Ad ogni modo resta l’affetto e il sostegno per i ragazzi di Hong Kong; il mio appello da professore a studenti è di non farsi strumentalizzare e provocare, ma di difendere i loro diritti con la giusta cautela.

Nel frattempo Washington guarda con preoccupazione a quanto accade. Il segretario di Stato Mike Pompeo ha condannato sia la Cina sia i manifestanti, aggiungendo che se la situazione dovesse ulteriormente precipitare gli Usa potrebbero agire. Che cosa significano queste parole? E in che modo gli Stati Uniti potrebbero farlo?

Le parole di Pompeo vanno lette in primo luogo come l’aver tenuto conto di una posizione espressa in modo bipartisan alla Camera dei Rappresentanti, dove i legislatori hanno condannato le violenze della polizia di Hong Kong. In seconda battuta non penso che Washington reagirà, almeno non nell’immediato, ma intende sfruttare questa crepa. Ci sono oggi due principali strategie da adottare per ridurre il potere cinese.

Quali?

La prima è formare un’alleanza tra democrazie che abbia una massa maggiore della Cina, in modo da condizionare Pechino per rinegoziare gli accessi al mercato. La seconda è quella di puntare sulla crescita di movimenti pro democrazia all’interno del Paese, facendo leva sui milioni di fedeli cristiani in Cina. Naturalmente questo secondo approccio ha dei rischi notevoli, perché destabilizzare oggi la Repubblica Popolare al suo interno creerebbe le condizioni per una crisi economica globale difficilmente controllabile. Credo, per questo, che – al di là della giusta sottolineatura dei valori occidentali di libertà di espressione e democrazia – gli Usa non forzeranno su Hong Kong, anche per evitare una reazione cinese su Taiwan che li costringerebbe ad avere un profilo di guerra, che la Casa Bianca vuole evitare tanto più a un anno dalle elezioni.

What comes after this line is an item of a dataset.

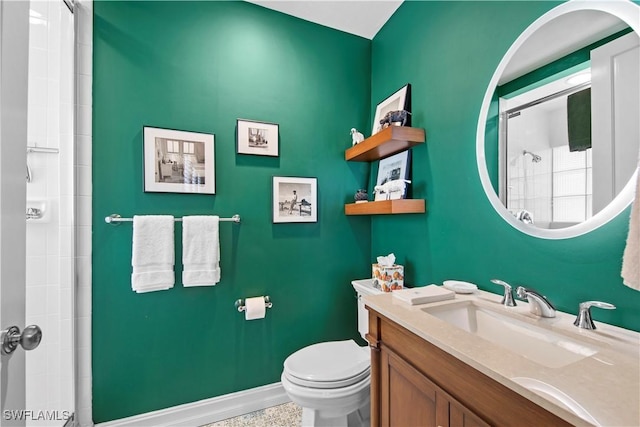 bathroom featuring toilet, walk in shower, and vanity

A proposito di valori occidentali, recentemente hanno fatto molto discutere i silenzi del ministro degli Esteri Luigi Di Maio, che in Cina ha preferito non commentare i fatti di Hong Kong. Che cosa ne pensa?

Credo che di fronte a un tema come la libertà non ci debbano essere cedimenti. Non funziona questa idea di tenere un piede in due scarpe. La Cina è senza dubbio un regime repressivo e autoritario. Questo va detto con forza a mio parere. Dopodiché credo che il modo migliore per averci a che fare commercialmente sia quello di creare i presupposti per una grande alleanza occidentale che parli con Pechino in modo paritario e che la porti, nel tempo, ad abbandonare per forza di cose i suoi tratti dittatoriali. Capisco che la realpolitik possa imporre, talvolta, di non fare troppo casino. Ma i nostri valori vanno difesi, tanto più in un momento in cui è chiaro che l’Italia è un campo di battaglia tra Cina e Usa. E tra i due non ci dovrebbero essere dubbi su chi sostenere: Washington è a noi affine da molti punti di vista, è un alleato tradizionale e, cosa altrettanto importante, è una potenza molto più stabile della Repubblica Popolare, che ha un regime fragile e che in futuro potrà implodere.